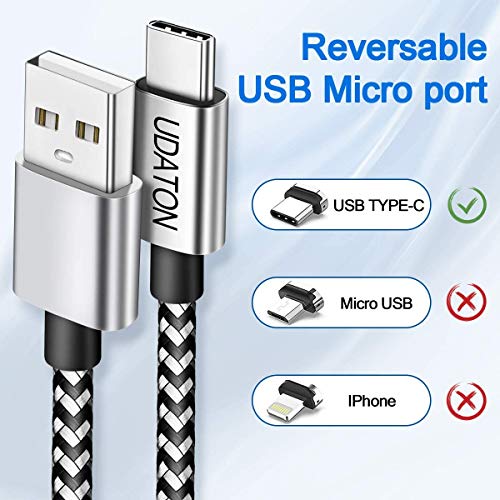 USB Tipi C Hızlı şarj kablosu 10FT 2 Paketi, udaton Yükseltilmiş Dayanıklı USB C Uzun USB C Şarj Kablosu ile Uyumlu Samsung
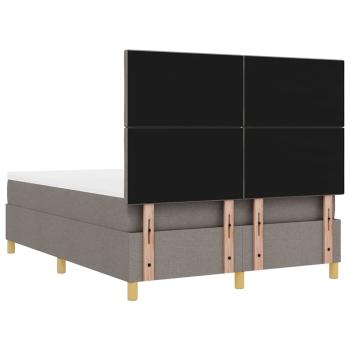 Boxspringbett mit Matratze & Bank Taupe 160x200 cm Stoff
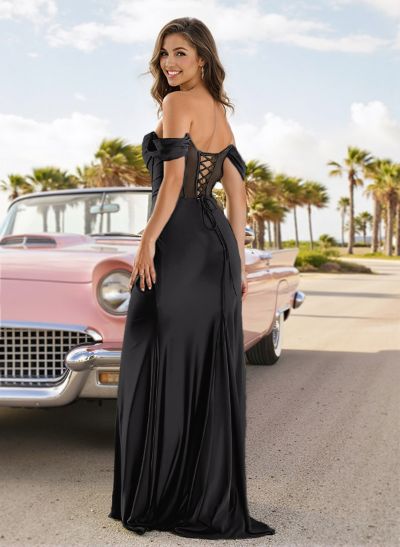 Sexy Draped Off Shoulder Strappy Back Satin Prom Dresses With High Split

------------

• Work instructions:
Type out the data above again exactly as written, minus the images.

• Reply:
 USB Tipi C Hızlı şarj kablosu 10FT 2 Paketi, udaton Yükseltilmiş Dayanıklı USB C Uzun USB C Şarj Kablosu ile Uyumlu Samsung
 Boxspringbett mit Matratze & Bank Taupe 160x200 cm Stoff
 Sexy Draped Off Shoulder Strappy Back Satin Prom Dresses With High Split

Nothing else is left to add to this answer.